▶ Exercise instructions: Restate the whole of the data below word for word, skipping the images.

▶ Information provided:
——————
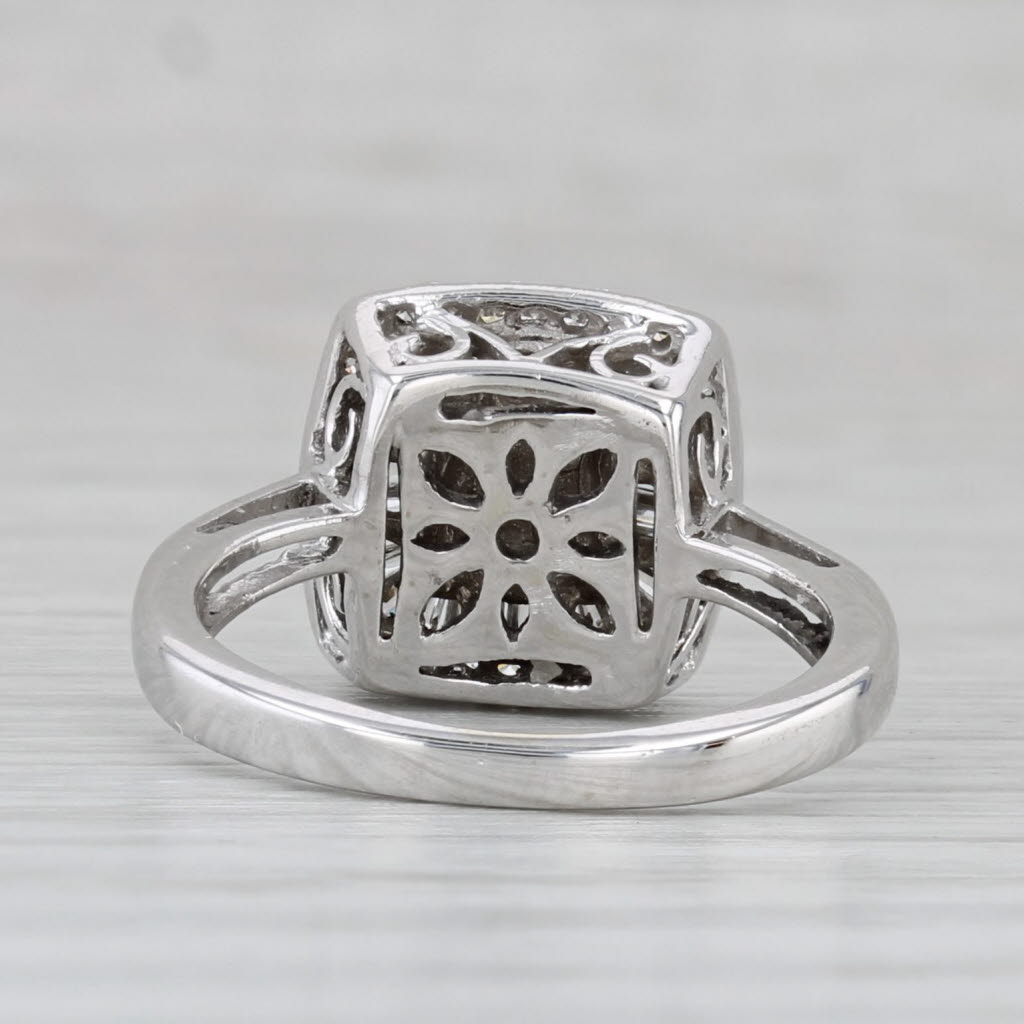 Gray 0.32tw Diamond Halo Engagement Ring 14k White Gold Size 3.75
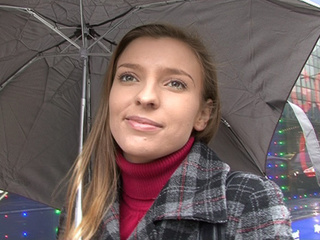 fair-haired chick umbrella takes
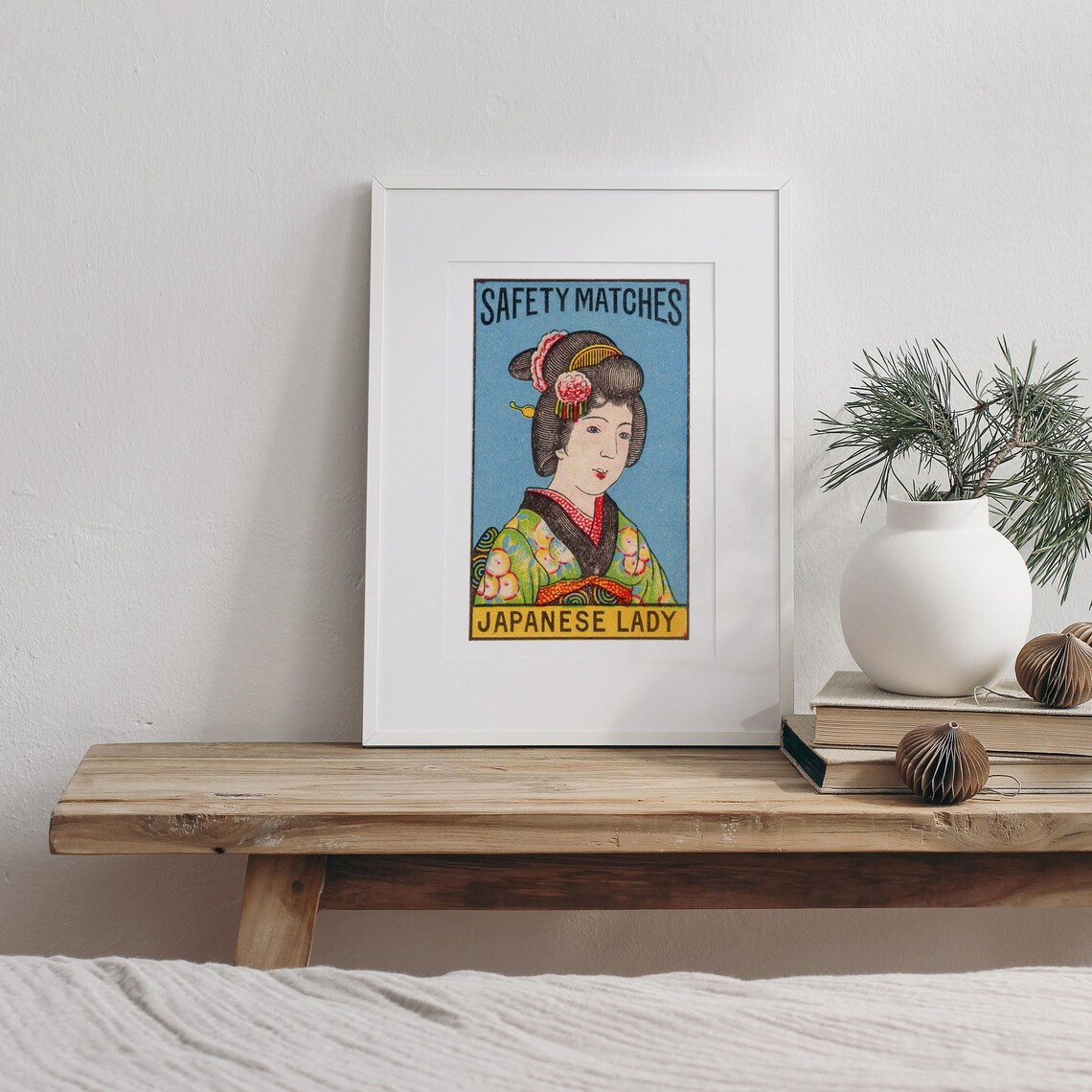 Japanese Lady Kimono Geisha Vintage Safety Matches Label Art Poster - Image 3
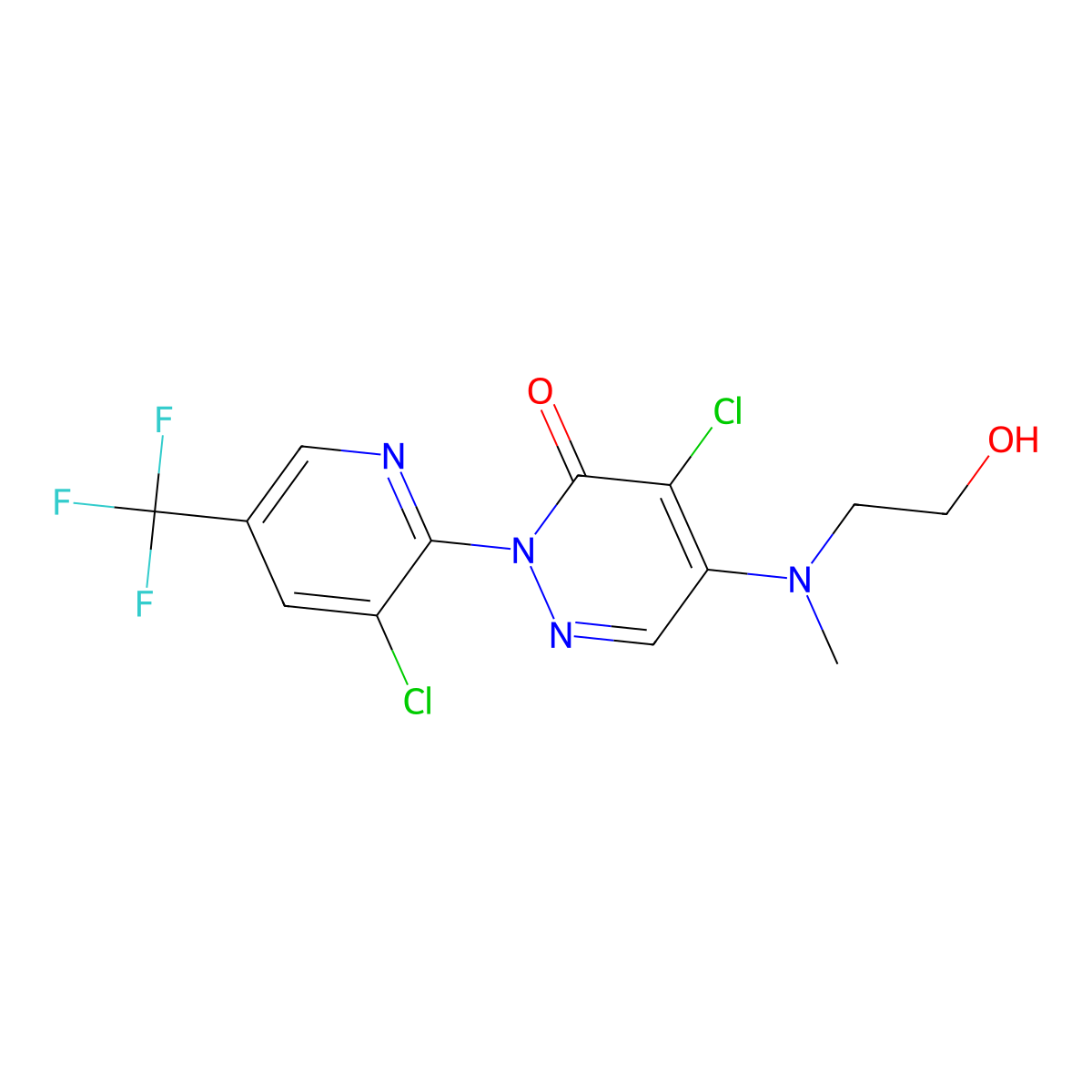 4-chloro-2-[3-chloro-5-(trifluoromethyl)-2-pyridinyl]-5-[(2-hydroxyethyl)(methyl)amino]-3(2H)-pyridazinone molecular structure, CAS 338399-91-0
——————
▶ Written solution:
 Gray 0.32tw Diamond Halo Engagement Ring 14k White Gold Size 3.75
 fair-haired chick umbrella takes
 Japanese Lady Kimono Geisha Vintage Safety Matches Label Art Poster - Image 3
 4-chloro-2-[3-chloro-5-(trifluoromethyl)-2-pyridinyl]-5-[(2-hydroxyethyl)(methyl)amino]-3(2H)-pyridazinone molecular structure, CAS 338399-91-0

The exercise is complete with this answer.